This archive report was first published on 26 November 2019.
On November 25, 2019, a Baltimore city circuit court judge formally exonerated Alfred Chestnut, Andrew Stewart, and Ransom Watkins, three men who had spent 36 years in prison for the 1983 murder of 14-year-old DeWitt Duckett.
The three men were serving life sentences for the shooting of Duckett, a student at Harlem Park Junior High School in West Baltimore, who was shot in the neck inside his school and had his Georgetown University jacket stolen.

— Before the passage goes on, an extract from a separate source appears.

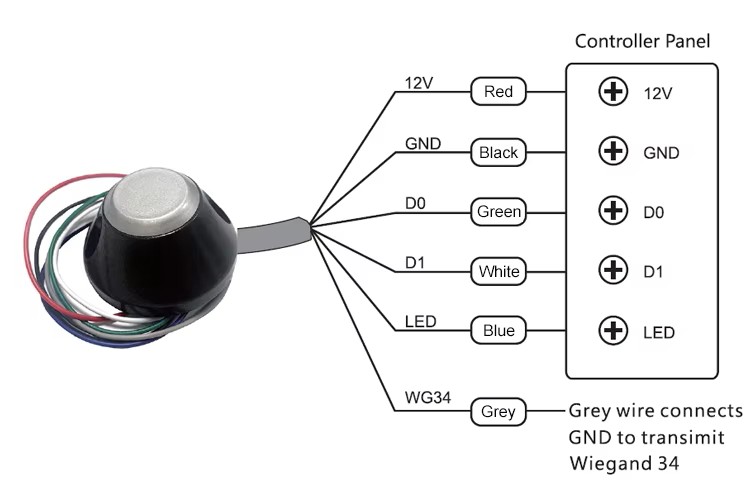 Mini vodotěsná čtečka RFID ID-WG26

According to the Mid-Atlantic Innocence Project (MAIP), which worked to secure the release of the "Harlem Park Three," four teenage witnesses initially identified Chestnut, Stewart, and Watkins as the assailants but later recanted their testimony under pressure from police.
"These three men were convicted, as children, because of police and prosecutorial misconduct," Baltimore state's attorney Marilyn Mosby said after the three were formally exonerated.
"What the state, my office, did to them is wrong," Mosby said. "They deserve so much more than an apology. We owe them real compensation -- and I plan to fight for it."
At a press conference following the release of the three, Watkins said, "This fight is not over. You all will hear from us again."
The exoneration of the three men followed a joint investigation by the Baltimore City State's Attorney's Conviction Integrity Unit, MAIP, and other groups.